Attachment points
Holger Schauer
Holger.Schauer at GMX.DE
Mon Nov 27 16:21:12 UTC 2000
Hi,
I'm interested to hear comments on the question whether all units
identified in a text may possibly serve as attachment points or not.
Let me start off with an example, in which I take the size of
elementary discourse units to be clauses:
1a) Lexmark has announced its new LXZ printer,
1b) which has two seperate tanks for black/white and colour printing.
2) The printer is capable of printing with a resolution of 600dpi.
... and so on.
I see two plausible attachment possibilities:
- attach 2) to 1 (grouping both 1a and 1b)
- attach 2) to 1a only.
Both times the relation is Elaboration-Object-Attribute.
I prefer to go with the second possibility, because the object (the
printer) elaborated on is contained in 1a. And although the object
would be "inferentially accessible" in 1, I strongly believe that 1b)
is clearly *not* elaborated on by 2.
However, if one does so, the question arises whether it is equally
allowed only to elaborate on the 1b).
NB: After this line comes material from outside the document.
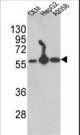 PDI / P4HB Antibody - Western blot of P4HB Antibody in CEM,HepG2,A2058 cell line lysates (35 ug/lane). P4HB (arrow) was detected using the purified antibody.(2 ug/ml)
I think that this is possible,
yes, but I have some groans about that (see below):
Consider
2') The ink in the tanks will usually last for hundreds of print-outs.
This 2') now clearly only elaborates on the "tanks" from 1b), so I
have to conclude that this time we get [1a obj-attr [1b obj-attr 2]].
Now, let me talk about what makes my stomach hurt: first of all, this
second analysis crosses a sentential border, i.e., the analysis stands
in clear contradiction to the idea that the syntactic structure of 1
plays any role (yes, I know about RSTs focus on a "pre-realizational"
structure, however, this gives me far worse headaches). However, I
still think that it is justifiable, because the proposed analysis is
exactly the one that one would probably arrived at if 1 would go like
this:
1a') Lexmark presented their new LXZ printer.
1b') It has separate tanks for ...
2') ...
However, note that one attribute of this little example is that the
further attribute-giving in 2) is easily covered by the obj-attr
relation between 1a and 1b. But what if the relation between 1a and 1b
would have been of a different kind, say purpose?
3a) Lexmark presented their new LXZ printer,
3b) to regain market-share in the low-price segment.
4) The low-price segment has recently been dominated by HP.
Now, if we (naively) again use the above idea and annotate as [3a
purpose [3b elab-additional 4]], then we essentially say that the
information in 4) is also covered by the purpose-relation. And here is
the question: is that ``correct'', i.e. does it capture intuitions?
I think that this kind of structure becomes more implausible the more
information/units beneath the "purpose", such as
[3a purpose [3b elab [4-10]]]. But based on which criterion should one
decide when it makes more sense to say that [4-10] elaborates on 3
instead of on 3b and why when don't we say that for 4 alone?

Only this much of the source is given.